Das Palomaviertel an der Hamburger Reeperbahn. Im Hintergrund die Tanzenden Türme.

Wo einst die Esso-Häuser standen, wächst heute Unkraut Foto: Jonas Walzberg

HAMBURG taz | Das Gestrüpp auf der Brachfläche ragt mittlerweile schon über den zweieinhalb Meter hohen Bretterzaun. Der verhindert neugierige Blicke auf das rund 6.100 Quadratmeter große Grundstück mitten in Hamburg-St. Pauli. Lisa Zander schließt die kleine weiße Holzhütte auf, die nebenan am Spielbudenplatz auf dem Gehweg steht. Ein paar Stühle stehen drin und Pappkisten – und an der hinteren Wand der Hütte finden sich auf zwei Metern Dutzende von Aktenordnern in einer Hängeregistratur. „Das ist das gesamte Archiv der Planbude“, sagt Zander, die zum festen Team dieser Stadtteilinitiative gehört. Tausende ausgefüllte Fragebögen von An­woh­ne­r:in­nen sind da drin, Architekturzeichnungen, Konzepte für die Raumaufteilung des Gebäudekomplexes, das schon längst nebenan auf der Brachfläche gebaut sein sollte.
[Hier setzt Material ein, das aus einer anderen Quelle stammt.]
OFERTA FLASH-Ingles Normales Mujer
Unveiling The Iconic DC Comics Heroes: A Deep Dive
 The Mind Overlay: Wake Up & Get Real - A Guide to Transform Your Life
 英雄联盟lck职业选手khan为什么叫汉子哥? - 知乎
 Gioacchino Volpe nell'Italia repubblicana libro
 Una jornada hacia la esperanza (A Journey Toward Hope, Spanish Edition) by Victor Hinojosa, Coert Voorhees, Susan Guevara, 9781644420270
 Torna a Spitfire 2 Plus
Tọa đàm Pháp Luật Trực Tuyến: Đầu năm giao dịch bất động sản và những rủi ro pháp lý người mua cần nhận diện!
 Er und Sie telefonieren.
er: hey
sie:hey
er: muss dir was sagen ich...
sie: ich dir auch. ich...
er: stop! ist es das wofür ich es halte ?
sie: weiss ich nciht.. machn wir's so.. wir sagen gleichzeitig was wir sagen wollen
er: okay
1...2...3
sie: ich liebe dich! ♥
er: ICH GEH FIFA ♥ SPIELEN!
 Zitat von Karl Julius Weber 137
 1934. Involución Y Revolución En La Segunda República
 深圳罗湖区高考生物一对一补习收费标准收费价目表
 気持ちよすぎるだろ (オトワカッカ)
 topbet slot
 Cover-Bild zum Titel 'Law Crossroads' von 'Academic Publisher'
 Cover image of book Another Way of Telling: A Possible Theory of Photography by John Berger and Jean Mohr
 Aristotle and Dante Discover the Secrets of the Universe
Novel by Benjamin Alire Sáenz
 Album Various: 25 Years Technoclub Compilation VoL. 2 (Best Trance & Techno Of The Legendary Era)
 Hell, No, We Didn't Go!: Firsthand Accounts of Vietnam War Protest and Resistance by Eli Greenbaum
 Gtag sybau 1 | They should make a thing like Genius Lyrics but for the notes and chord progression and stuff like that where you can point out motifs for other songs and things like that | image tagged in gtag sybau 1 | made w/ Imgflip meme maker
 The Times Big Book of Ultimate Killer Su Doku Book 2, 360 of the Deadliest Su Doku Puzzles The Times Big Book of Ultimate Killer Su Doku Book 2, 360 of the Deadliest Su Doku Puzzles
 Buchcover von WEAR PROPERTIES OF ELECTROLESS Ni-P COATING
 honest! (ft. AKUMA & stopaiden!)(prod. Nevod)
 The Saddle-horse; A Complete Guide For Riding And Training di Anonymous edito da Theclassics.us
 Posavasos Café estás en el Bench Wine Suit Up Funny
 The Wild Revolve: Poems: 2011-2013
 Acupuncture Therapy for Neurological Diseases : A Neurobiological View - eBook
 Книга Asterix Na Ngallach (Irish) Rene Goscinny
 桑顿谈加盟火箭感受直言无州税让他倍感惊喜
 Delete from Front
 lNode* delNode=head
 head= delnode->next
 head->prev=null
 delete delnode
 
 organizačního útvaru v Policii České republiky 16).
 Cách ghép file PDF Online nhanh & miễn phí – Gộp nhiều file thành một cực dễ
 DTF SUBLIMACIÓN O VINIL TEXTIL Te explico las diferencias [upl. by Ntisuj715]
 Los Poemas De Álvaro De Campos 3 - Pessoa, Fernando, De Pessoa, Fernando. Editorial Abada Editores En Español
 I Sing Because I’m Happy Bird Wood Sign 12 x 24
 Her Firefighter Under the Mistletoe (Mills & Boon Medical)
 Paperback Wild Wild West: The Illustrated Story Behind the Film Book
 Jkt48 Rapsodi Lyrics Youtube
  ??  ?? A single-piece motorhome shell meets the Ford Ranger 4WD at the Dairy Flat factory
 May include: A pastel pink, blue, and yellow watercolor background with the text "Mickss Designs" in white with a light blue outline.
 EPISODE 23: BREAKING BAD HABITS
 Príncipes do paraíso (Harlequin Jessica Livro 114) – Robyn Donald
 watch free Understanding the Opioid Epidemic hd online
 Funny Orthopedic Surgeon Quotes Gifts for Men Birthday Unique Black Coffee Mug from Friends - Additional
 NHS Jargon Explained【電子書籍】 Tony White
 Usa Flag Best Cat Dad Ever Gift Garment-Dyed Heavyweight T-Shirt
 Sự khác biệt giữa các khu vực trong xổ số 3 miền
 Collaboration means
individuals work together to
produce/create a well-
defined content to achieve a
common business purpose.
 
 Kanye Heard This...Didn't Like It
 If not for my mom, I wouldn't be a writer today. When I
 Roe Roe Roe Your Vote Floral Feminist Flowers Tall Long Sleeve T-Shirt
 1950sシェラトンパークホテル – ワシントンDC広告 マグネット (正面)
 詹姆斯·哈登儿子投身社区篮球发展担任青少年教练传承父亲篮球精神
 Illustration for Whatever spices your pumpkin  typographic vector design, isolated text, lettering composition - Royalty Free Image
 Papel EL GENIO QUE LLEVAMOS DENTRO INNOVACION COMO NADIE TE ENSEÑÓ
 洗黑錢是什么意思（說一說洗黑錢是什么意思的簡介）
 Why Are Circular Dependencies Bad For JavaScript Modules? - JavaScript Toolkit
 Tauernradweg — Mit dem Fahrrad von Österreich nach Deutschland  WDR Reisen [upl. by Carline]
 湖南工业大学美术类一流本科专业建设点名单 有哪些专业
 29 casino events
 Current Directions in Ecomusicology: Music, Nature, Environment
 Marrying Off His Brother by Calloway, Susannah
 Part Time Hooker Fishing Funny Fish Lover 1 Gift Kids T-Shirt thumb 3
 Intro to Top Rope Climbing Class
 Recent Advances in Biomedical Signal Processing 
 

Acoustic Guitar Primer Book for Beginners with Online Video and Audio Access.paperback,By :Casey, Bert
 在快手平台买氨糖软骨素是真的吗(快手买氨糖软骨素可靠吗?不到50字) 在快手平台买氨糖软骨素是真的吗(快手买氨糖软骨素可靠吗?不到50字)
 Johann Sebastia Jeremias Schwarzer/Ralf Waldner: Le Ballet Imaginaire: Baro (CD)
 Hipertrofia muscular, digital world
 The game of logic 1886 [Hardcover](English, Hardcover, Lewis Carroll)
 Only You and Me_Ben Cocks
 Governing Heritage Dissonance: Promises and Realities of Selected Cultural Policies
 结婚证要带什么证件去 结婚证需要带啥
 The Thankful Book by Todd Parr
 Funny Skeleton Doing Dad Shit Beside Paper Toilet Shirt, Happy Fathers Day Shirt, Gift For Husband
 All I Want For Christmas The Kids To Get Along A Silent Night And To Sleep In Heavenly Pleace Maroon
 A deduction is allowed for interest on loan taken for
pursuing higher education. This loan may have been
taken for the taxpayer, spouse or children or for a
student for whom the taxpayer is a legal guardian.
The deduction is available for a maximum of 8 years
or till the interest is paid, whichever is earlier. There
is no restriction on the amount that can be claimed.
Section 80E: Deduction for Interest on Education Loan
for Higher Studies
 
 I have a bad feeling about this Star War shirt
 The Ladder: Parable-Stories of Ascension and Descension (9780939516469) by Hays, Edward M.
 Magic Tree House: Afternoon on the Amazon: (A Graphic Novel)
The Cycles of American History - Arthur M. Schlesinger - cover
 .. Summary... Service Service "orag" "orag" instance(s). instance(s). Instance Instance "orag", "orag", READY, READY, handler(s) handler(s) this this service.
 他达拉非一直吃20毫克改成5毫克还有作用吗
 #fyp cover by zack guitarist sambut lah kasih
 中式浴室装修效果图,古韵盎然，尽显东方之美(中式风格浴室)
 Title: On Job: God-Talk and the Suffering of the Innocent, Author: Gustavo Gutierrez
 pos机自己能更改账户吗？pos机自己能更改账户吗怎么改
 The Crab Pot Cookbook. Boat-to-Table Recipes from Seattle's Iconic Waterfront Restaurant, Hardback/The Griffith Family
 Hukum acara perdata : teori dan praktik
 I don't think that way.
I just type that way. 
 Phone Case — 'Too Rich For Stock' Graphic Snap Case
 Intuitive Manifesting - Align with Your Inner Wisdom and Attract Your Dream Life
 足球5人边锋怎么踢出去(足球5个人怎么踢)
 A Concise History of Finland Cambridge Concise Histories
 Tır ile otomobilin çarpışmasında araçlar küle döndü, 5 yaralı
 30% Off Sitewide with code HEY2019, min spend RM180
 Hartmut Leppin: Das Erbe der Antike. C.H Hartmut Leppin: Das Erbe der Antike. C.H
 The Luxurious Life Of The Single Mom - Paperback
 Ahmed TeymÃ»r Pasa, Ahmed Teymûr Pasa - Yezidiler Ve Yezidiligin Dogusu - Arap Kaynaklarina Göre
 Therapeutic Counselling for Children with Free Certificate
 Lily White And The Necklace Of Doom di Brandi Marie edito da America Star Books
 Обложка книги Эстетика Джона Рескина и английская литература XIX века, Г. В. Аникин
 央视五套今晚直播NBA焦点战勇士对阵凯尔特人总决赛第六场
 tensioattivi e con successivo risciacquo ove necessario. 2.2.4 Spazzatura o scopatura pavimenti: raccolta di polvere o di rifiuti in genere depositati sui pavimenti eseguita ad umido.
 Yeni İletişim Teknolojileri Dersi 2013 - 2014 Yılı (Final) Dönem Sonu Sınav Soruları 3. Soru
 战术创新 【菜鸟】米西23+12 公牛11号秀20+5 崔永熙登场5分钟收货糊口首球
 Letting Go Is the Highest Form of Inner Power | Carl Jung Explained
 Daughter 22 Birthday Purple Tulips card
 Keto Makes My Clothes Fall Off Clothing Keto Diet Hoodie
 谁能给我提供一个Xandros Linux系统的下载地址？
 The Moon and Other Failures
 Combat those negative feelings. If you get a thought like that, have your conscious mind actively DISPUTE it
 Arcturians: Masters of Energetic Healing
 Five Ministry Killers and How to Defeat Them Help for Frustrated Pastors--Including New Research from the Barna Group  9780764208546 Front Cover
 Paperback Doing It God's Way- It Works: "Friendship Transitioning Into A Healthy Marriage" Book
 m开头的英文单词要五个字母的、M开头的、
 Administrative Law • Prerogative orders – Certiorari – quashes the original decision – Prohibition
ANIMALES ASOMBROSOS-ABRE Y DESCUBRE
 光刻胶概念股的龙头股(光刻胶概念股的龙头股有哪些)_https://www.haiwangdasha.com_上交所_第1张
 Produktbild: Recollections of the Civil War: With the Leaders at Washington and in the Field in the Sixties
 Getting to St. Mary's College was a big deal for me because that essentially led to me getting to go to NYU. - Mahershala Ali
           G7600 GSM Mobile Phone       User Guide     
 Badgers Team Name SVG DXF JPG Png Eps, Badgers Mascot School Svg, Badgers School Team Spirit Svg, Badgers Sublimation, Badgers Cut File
Seit Jahren warten Zander und die anderen Mitglieder der Planbude vergebens darauf, dass die Eigentümerin, die Bayerische Hausbau, endlich damit beginnt, das Grundstück, auf dem bis vor knapp zehn Jahren die legendären Esso-Häuser standen, wie besprochen zu bebauen. Anfang August wurde dann bekannt, dass die Bayerische Hausbau Gespräche über einen Verkauf des Grundstücks führt. Damit droht ein international beachtetes Projekt vorbildlicher Stadtentwicklung, das eine intensive Beteiligung der An­woh­ne­r:in­nen an einem privaten Bauprojekt durchsetzte, zu zerplatzen.

Dass für den Nachfolgebau der Esso-Häuser ein Kompromiss gefunden wurde, der für den immer noch armen Stadtteil und seine vielfältige Alternativkultur annehmbar war, lag an der Arbeit der Planbude. „Die Planbude ist in erster Linie als Prozess zu verstehen, um frühzeitig das Alltagswissen von An­woh­ne­r:in­nen und Be­su­che­r:in­nen auf St. Pauli in die Gestaltung der neuen Bebauung einfließen lassen zu können“, sagt Zander.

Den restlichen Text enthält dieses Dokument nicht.